--- Collected material Enclosed Below ---

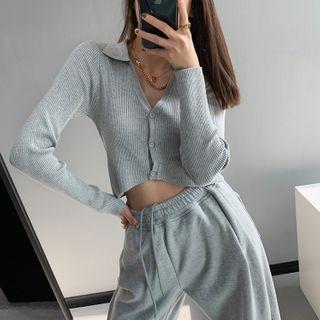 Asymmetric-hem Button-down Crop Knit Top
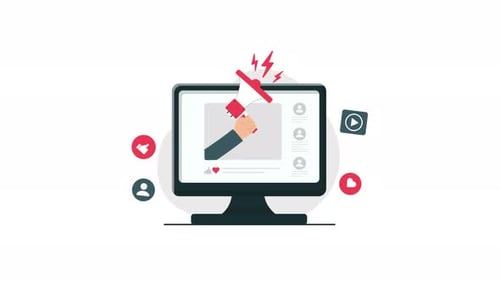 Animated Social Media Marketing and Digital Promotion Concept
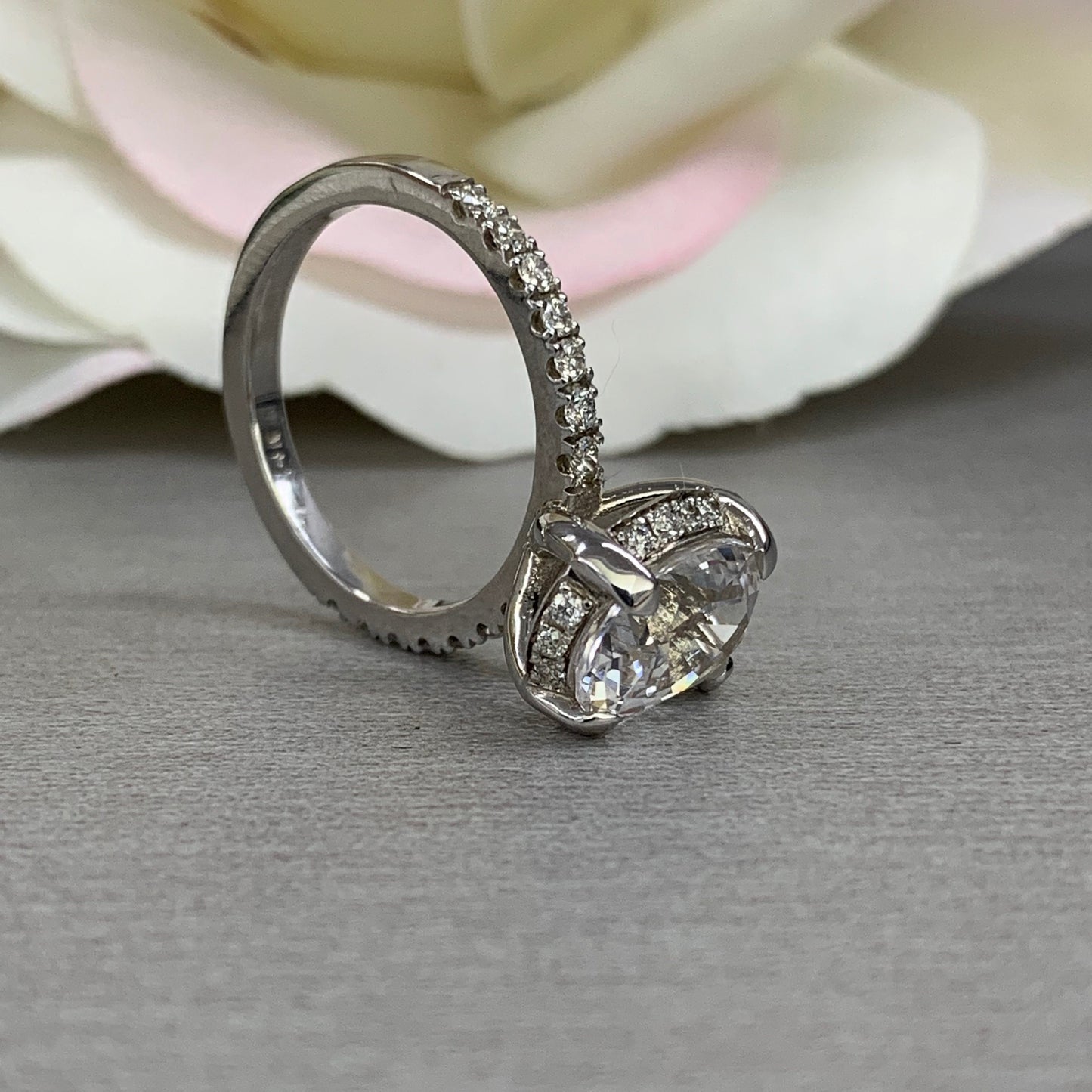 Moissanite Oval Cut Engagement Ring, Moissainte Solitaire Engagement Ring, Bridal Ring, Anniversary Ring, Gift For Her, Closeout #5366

--- End of Enclosed Collected material ---

→ Work to complete
The expected output is an exact retyping of the lines from the line with "Animated Social Media" through the last line of the data, with both ends kept and the pictures dropped.

→ Response
 Animated Social Media Marketing and Digital Promotion Concept
 Moissanite Oval Cut Engagement Ring, Moissainte Solitaire Engagement Ring, Bridal Ring, Anniversary Ring, Gift For Her, Closeout #5366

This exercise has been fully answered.